Segment Open

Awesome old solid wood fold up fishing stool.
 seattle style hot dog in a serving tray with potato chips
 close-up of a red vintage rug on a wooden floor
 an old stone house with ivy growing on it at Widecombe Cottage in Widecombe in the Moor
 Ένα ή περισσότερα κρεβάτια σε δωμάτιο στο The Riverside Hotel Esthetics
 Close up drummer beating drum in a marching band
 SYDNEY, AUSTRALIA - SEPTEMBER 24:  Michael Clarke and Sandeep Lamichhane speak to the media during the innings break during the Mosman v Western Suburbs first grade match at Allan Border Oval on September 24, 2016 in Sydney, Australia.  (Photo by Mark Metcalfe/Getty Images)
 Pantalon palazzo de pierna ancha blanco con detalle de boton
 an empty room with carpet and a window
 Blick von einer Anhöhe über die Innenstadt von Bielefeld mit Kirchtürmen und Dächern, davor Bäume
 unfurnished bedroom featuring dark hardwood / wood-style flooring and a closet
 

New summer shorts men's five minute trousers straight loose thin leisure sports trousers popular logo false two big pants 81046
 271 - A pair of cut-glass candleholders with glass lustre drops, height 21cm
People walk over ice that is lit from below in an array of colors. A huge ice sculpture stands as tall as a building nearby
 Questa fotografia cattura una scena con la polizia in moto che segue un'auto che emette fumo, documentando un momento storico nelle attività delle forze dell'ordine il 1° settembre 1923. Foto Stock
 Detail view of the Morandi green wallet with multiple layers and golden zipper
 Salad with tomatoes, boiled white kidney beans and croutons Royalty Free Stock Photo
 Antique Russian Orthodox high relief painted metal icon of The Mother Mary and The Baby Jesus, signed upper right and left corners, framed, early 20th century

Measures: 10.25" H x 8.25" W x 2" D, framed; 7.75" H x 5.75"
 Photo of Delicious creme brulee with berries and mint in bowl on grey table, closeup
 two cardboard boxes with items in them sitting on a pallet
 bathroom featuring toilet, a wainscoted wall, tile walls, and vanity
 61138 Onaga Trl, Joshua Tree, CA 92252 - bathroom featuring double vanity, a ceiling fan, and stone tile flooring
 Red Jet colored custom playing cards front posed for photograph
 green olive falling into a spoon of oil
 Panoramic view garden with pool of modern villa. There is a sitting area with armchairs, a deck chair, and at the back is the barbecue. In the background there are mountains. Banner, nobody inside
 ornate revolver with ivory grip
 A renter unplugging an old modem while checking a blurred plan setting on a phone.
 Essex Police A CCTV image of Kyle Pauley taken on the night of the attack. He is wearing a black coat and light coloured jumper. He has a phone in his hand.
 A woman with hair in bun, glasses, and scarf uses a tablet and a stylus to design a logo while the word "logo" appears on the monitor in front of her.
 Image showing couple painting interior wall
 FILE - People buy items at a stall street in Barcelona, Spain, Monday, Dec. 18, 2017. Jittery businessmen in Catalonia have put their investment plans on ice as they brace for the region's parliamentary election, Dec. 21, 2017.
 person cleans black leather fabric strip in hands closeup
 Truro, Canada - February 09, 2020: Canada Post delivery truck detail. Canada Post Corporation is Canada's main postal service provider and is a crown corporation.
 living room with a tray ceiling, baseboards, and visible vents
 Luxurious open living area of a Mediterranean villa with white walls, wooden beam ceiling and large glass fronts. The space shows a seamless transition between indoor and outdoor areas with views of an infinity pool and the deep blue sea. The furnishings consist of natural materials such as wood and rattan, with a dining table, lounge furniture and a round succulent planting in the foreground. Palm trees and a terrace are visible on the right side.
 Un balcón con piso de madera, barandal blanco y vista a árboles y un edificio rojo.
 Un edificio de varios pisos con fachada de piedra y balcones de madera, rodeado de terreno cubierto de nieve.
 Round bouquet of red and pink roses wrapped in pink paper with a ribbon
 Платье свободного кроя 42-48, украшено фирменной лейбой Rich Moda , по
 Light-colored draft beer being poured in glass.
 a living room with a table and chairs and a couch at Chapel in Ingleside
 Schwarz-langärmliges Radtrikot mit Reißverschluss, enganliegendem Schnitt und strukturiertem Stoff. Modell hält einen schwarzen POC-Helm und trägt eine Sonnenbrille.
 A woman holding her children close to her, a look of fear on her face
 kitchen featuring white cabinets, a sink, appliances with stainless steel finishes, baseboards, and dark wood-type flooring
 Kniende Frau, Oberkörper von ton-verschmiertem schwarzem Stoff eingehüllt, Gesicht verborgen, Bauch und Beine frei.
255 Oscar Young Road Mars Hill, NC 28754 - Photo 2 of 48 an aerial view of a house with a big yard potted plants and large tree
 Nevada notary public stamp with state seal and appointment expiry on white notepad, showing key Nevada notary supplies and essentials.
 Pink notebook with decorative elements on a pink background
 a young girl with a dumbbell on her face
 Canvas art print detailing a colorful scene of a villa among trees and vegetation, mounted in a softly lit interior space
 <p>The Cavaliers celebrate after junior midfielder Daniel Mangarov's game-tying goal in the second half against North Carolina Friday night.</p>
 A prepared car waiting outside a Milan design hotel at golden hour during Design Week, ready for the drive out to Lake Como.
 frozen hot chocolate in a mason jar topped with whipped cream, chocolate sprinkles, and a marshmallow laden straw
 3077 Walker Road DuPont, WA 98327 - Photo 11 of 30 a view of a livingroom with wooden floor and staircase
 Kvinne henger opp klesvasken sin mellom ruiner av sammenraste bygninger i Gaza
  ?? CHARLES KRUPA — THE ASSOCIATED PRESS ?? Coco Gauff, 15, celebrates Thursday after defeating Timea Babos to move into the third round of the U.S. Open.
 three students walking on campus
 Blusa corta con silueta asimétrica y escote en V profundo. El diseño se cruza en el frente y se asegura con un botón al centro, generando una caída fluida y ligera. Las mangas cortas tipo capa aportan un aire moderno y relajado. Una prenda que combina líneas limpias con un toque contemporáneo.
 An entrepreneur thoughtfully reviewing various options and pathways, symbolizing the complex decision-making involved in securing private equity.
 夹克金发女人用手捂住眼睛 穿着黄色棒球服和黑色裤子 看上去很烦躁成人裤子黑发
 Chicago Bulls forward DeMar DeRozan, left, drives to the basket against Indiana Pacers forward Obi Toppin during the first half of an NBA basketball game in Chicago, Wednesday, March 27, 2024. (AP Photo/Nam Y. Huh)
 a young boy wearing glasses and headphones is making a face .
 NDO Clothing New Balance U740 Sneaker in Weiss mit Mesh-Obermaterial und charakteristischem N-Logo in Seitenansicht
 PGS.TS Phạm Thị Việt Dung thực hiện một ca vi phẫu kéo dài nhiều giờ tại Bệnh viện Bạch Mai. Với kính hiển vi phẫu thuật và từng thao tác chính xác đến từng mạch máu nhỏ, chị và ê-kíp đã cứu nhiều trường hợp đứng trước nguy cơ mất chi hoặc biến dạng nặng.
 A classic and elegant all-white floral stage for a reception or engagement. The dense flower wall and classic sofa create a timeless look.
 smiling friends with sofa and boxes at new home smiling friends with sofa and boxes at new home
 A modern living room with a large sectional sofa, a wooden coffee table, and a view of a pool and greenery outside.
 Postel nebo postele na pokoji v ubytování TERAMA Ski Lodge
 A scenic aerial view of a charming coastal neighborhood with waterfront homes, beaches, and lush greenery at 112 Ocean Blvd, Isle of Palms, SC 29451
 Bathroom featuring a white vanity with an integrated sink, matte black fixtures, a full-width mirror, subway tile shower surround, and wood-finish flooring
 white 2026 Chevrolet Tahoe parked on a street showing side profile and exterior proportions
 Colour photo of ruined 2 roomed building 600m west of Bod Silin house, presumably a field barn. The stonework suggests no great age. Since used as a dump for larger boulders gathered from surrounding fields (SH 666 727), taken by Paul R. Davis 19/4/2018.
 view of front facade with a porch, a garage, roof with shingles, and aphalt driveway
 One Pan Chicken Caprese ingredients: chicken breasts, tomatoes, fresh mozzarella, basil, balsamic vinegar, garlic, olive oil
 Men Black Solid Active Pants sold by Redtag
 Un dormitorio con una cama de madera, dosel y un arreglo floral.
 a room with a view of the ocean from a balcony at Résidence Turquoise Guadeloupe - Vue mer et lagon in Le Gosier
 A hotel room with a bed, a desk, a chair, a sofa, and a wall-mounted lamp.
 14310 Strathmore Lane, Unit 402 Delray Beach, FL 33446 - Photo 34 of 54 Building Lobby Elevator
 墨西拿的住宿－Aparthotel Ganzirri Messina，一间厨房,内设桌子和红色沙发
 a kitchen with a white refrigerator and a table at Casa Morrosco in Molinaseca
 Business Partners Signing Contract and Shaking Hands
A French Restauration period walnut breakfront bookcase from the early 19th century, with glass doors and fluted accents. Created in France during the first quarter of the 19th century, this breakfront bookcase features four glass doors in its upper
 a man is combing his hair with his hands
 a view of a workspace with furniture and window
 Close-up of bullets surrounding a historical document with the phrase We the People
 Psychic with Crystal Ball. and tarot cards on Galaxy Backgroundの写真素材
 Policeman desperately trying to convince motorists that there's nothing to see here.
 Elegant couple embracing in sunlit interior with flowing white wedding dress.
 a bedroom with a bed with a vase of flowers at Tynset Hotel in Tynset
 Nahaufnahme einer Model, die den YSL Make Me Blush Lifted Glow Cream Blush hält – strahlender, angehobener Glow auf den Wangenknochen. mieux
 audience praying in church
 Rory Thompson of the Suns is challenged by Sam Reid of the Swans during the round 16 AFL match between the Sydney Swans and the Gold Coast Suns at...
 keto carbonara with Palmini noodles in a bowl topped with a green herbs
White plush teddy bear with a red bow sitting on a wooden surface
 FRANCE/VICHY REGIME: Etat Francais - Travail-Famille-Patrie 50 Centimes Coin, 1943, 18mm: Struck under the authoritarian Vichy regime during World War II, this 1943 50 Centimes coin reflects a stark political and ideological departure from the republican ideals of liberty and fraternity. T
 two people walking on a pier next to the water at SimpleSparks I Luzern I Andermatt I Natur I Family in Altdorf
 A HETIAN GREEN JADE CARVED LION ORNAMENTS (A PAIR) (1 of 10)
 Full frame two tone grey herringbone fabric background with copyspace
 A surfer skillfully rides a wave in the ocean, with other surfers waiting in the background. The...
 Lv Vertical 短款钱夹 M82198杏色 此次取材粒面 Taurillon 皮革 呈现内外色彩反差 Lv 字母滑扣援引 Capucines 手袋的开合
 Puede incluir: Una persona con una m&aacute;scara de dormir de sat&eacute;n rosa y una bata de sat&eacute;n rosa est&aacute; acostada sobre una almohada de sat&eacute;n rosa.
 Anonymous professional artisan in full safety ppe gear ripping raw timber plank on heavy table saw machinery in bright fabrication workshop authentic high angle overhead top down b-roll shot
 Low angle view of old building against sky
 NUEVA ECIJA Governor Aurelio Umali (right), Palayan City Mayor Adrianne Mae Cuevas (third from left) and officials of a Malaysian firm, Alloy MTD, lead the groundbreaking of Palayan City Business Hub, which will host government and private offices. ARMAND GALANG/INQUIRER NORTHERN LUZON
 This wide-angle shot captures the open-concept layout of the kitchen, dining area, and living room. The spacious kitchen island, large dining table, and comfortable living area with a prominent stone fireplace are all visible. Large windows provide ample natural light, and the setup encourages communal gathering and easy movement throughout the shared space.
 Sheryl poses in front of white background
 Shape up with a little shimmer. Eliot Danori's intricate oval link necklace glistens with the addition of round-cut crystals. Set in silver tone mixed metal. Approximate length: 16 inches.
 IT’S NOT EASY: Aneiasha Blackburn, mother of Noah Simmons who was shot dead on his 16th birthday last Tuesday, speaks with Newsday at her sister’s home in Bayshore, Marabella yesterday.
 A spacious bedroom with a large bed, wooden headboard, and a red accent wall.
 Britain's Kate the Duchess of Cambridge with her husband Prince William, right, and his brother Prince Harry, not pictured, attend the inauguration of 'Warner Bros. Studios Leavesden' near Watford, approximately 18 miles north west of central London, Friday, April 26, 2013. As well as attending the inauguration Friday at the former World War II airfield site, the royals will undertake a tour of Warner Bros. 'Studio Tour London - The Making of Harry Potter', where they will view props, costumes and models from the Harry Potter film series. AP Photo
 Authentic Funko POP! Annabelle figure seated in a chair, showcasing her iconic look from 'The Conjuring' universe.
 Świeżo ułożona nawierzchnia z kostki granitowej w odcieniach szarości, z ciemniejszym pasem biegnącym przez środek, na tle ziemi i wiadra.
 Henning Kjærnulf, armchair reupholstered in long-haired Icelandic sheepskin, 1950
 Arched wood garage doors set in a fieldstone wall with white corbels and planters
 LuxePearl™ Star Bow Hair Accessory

Segment Closed

Return the lines containing "bedroom", taking each one from the listing.

Reply to the task -
 unfurnished bedroom featuring dark hardwood / wood-style flooring and a closet
 a bedroom with a bed with a vase of flowers at Tynset Hotel in Tynset
 A spacious bedroom with a large bed, wooden headboard, and a red accent wall.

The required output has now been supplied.